■ **Problem statement**
Give again, word for word, every line in the entries below from the line with "Screenshot 2024-06-04 at" up to and including the line with "Rolex, an adoptable", and no other line.

■ **Data items**
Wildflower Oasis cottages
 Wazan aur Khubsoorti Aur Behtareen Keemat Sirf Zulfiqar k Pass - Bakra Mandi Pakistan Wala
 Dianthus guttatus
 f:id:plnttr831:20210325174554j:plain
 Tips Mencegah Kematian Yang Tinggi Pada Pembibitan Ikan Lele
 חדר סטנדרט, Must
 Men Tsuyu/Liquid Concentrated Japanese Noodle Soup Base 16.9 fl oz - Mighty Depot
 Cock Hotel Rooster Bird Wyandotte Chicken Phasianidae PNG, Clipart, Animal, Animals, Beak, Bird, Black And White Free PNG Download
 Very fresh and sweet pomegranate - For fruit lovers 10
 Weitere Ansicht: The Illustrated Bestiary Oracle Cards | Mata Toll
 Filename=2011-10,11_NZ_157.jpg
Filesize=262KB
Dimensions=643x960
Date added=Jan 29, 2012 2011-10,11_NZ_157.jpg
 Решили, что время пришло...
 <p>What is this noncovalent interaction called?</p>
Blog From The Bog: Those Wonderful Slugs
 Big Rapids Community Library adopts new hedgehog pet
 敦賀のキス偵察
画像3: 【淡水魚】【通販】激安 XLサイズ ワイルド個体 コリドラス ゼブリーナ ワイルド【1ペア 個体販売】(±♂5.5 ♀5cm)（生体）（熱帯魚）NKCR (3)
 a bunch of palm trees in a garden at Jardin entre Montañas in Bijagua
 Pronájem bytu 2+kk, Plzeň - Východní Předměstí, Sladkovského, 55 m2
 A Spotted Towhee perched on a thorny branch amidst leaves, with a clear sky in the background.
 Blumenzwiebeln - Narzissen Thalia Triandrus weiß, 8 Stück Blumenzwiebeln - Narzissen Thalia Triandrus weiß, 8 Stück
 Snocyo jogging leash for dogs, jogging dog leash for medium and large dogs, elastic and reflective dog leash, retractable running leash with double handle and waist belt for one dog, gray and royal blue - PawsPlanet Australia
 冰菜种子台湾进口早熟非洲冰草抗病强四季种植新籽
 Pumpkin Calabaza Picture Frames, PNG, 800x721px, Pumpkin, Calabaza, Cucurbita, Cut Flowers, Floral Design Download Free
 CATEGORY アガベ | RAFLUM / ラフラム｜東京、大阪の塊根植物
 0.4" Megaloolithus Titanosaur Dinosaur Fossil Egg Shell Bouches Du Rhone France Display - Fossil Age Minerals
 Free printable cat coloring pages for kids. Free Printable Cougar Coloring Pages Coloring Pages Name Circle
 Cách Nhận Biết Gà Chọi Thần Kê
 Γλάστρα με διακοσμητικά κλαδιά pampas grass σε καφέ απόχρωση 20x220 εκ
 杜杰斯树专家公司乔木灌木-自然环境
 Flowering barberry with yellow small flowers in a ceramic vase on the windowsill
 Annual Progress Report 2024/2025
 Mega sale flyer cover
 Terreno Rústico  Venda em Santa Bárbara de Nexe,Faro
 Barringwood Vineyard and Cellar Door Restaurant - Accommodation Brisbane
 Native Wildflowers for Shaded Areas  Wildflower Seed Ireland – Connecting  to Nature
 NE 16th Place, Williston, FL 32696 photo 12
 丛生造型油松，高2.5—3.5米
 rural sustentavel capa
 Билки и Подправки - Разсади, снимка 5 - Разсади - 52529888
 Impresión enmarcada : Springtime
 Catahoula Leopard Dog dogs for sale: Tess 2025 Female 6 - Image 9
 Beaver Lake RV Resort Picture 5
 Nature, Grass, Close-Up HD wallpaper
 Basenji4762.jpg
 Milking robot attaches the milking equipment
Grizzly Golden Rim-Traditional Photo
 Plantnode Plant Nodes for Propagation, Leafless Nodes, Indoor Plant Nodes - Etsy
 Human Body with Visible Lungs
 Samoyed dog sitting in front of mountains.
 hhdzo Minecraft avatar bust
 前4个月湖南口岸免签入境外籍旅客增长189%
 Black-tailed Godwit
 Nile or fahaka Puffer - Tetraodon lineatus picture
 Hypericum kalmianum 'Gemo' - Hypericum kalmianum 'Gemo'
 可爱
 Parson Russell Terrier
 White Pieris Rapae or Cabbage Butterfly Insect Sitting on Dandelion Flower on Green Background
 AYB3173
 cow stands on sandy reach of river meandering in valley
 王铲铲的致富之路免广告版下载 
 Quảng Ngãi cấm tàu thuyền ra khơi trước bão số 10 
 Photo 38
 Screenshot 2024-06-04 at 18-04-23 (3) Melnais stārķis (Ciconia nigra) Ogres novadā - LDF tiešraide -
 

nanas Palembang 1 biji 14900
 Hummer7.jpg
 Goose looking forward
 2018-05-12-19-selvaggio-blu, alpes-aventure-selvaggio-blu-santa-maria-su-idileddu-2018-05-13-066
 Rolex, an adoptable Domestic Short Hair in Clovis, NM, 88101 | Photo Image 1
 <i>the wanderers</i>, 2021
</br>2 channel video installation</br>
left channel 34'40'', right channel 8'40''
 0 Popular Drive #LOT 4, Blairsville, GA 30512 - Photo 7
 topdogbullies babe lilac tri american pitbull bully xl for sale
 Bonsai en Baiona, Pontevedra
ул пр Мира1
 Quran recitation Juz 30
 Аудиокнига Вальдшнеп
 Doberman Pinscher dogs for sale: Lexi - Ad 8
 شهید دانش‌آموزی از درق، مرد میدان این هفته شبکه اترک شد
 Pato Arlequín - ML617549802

■ **Finished task**
 Screenshot 2024-06-04 at 18-04-23 (3) Melnais stārķis (Ciconia nigra) Ogres novadā - LDF tiešraide -
 

nanas Palembang 1 biji 14900
 Hummer7.jpg
 Goose looking forward
 2018-05-12-19-selvaggio-blu, alpes-aventure-selvaggio-blu-santa-maria-su-idileddu-2018-05-13-066
 Rolex, an adoptable Domestic Short Hair in Clovis, NM, 88101 | Photo Image 1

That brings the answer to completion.